● What the task asks: Pictures are to be omitted; everything else in the data must be transcribed exactly.

[Input data Boundary: Start]

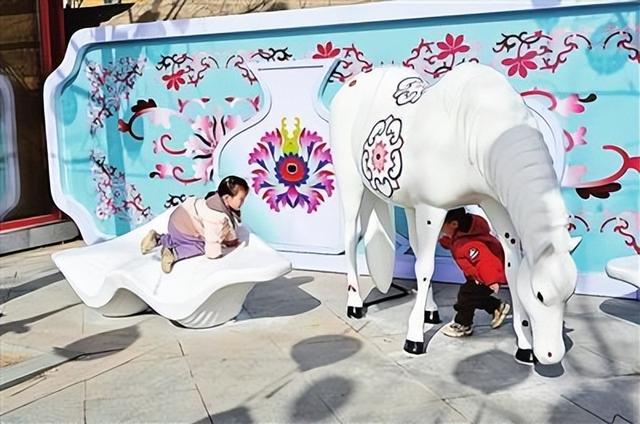 同庆街彩灯璀璨如昼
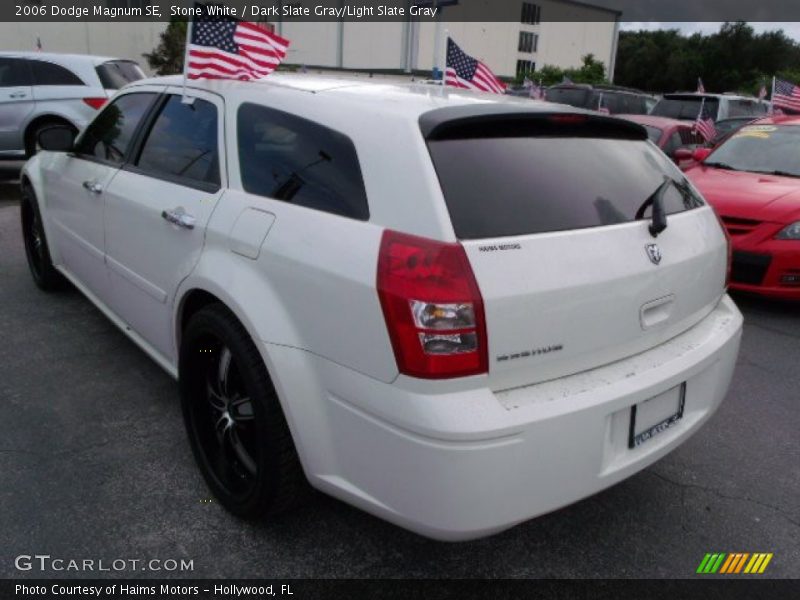 Stone White / Dark Slate Gray/Light Slate Gray 2006 Dodge Magnum SE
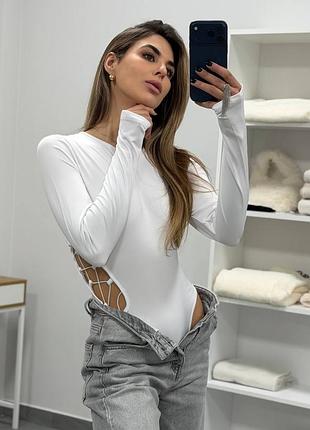 Боди однотонное на длинный рукав с открытой спиной на шнуровке на кнопках качественное стильное трендовое белое розовое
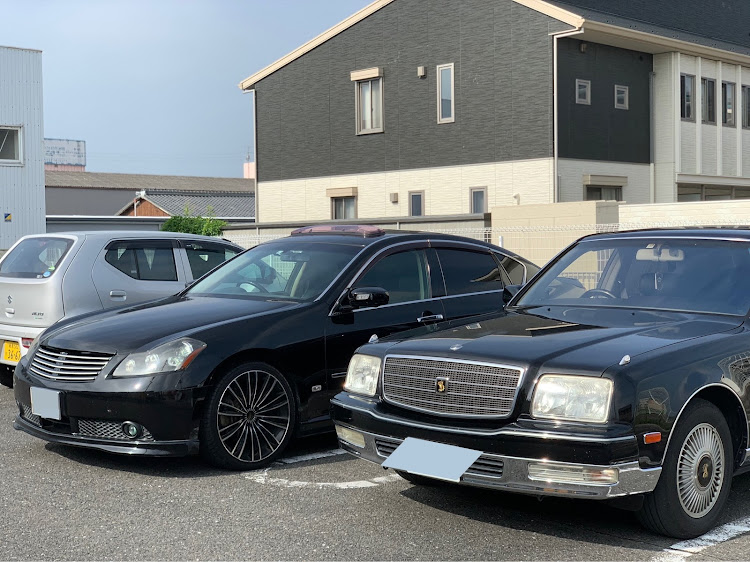 センチュリーのチンピラ王選出・202・フーガ・LS460L・アルファードに関するカスタム事例の投稿画像1枚目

[Input data Boundary: End]

● Solved exercise:
 同庆街彩灯璀璨如昼
 Stone White / Dark Slate Gray/Light Slate Gray 2006 Dodge Magnum SE
 Боди однотонное на длинный рукав с открытой спиной на шнуровке на кнопках качественное стильное трендовое белое розовое
 センチュリーのチンピラ王選出・202・フーガ・LS460L・アルファードに関するカスタム事例の投稿画像1枚目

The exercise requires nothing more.